(GIVEN MATERIAL)
-.-.-

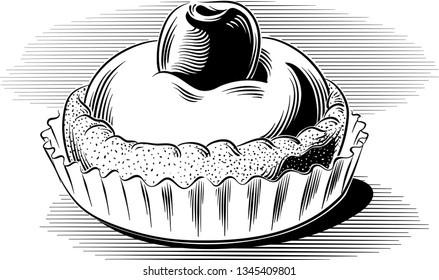 A pastry with cherry, on a background, black and white vector.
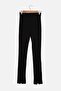 Siyah Yırtmaç Detaylı Esnek Örme Tall Pantolon TWOAW22PL0323 - 7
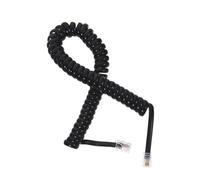 Operitacx Cordon Téléphonique Spiralé 4p4c Rj9 pour Combiné de Téléphone Fixe, Accessoire Bureau Résistant aux Nœuds, Câble en Pvc Noir 2 Mètres, Usage Domestique et Professionnel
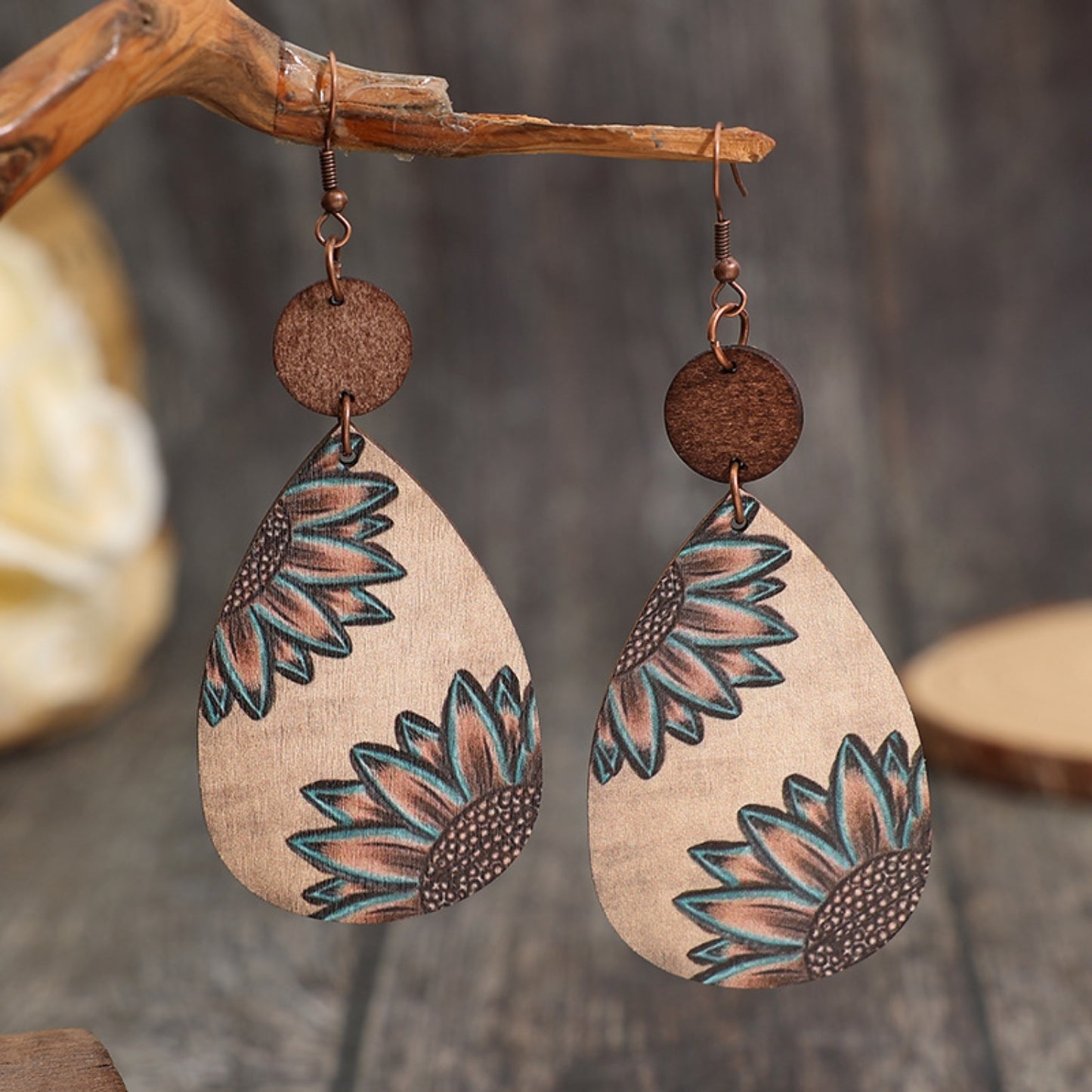 Wooden Fish Hook Dangle Earrings (Color Options)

-.-.-

Type the listing above out again exactly, and omit all pictures.

 A pastry with cherry, on a background, black and white vector.
 Siyah Yırtmaç Detaylı Esnek Örme Tall Pantolon TWOAW22PL0323 - 7
 Operitacx Cordon Téléphonique Spiralé 4p4c Rj9 pour Combiné de Téléphone Fixe, Accessoire Bureau Résistant aux Nœuds, Câble en Pvc Noir 2 Mètres, Usage Domestique et Professionnel
 Wooden Fish Hook Dangle Earrings (Color Options)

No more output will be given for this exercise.